Well, what bothering me is that "fully working" . That's very misleading formulation. Man just think that it is flawless, and can play whole game without problems. Much better would be to put there only "working" or something in that meaning for all cases where it is not fully tested (to stay at that word).
And there still stays same, despite that yourself tested it. I don't get how you don't see contradiction there.
But this is actually easy case, as said already, since you can reach zone 5 directly, without longer play(test) .What is with thousands of games where no start level selection ? And here starts my longer blah:
Yes, you are perfectly right about that testing thousands of floppy images is enormous work. I talked about it here several times that only with some coordinated testing is possible to well, thoroughly test all it.
Myself found many errors, even in originals, not because I play so much, but because hard disk adaptations. I got too lot of error reports of Atari people.
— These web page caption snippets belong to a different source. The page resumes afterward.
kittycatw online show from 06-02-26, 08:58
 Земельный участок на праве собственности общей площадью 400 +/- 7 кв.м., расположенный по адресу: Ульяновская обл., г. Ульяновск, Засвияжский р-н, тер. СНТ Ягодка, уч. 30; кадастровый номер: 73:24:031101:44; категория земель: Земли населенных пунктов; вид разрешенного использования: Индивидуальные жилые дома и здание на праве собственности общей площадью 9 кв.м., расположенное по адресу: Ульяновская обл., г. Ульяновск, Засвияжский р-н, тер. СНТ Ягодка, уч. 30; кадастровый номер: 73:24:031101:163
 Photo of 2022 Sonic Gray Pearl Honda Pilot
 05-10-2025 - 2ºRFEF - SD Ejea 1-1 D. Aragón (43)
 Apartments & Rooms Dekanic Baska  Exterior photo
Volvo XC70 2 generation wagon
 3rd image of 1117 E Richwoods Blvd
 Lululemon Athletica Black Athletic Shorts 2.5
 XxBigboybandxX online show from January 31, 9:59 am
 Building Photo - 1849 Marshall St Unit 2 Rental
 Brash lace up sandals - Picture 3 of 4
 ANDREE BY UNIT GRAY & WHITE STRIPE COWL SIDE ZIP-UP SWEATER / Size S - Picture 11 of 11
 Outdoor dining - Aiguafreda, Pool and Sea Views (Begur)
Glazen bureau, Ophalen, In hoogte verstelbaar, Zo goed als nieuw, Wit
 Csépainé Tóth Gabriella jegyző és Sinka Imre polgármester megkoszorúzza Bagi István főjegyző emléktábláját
I even wanted to start here section about bad cracks, bad releases, but some just did not like it. There is really bad attitude by certain people about that: for instance I wrote some error reports to D-Bug forum, about their cracks. And what they did ? Deleted posts, banned me, called troll ... Instead just fixing error, or adding note that it has that and that error. And I know for sure that there were reports from other people too - like for Helter Skelter. This was just one example, crew which was active still some years ago. But most of those, who did cracks, menu disks is not accessible. Some are active here, indeed, but I don't see that they care much about quality info of their releases, to call it so.
Maybe I am more sensitive about all it, since I spend lot of time dealing with it. For instance I wasted some 5-6 hours with that bad Zone Warrior crack, while they would need max 5 minutes to check are all 5 zones work. And it is not only that 5 files are shorter than originals, but there is some mess about file loading order in code, errors in RAMdisk code. So, I needed to do almost everything again with Replicants release - which has same number of files, but pretty much different code for loading them. All it would be faster and less troublesome and more reliable with some image of original.
I recommend that look here:
http://forum.8bitchip.info/preservation-error-reports/'bad'-games-listThere is almost all what I found in last 10 years. Some people contributed too.
What I can say is that it is not rare case that game works fine until very late, final levels, and there is a crash, error. The usual cause is extra protection. Like in case of Wrath of the Demon - it has plenty of checksums at all levels, but final level load and check is total different. So, only way to make it right is to reach that level and test there. Indeed, that's much easier today with some Debugger emulator than in old times with real HW. It means that we can now do better cracks, hard disk adaptations in less time than 20-30 years ago. And I can say that I did a lot. Over 1000 games for hard disk. Lot of diverse floppy release fixes - and there are many extra fixes too for better TOS version compatibility and like.
When I proposed here some database for Atari ST SW, what would contain quality info for all diverse releases of some title, usual critic was that I want it in purpose to advertise my site with hard disk adaptations and like. Now, imagine how much it would help your concrete site.
Famous Schrodinger's cat hypothetical experiment says that cat is dead or alive until we open box and see condition of poor animal, which deserved better logic. Cat is always in some certain state - regardless from is observer able or not to see what the state is.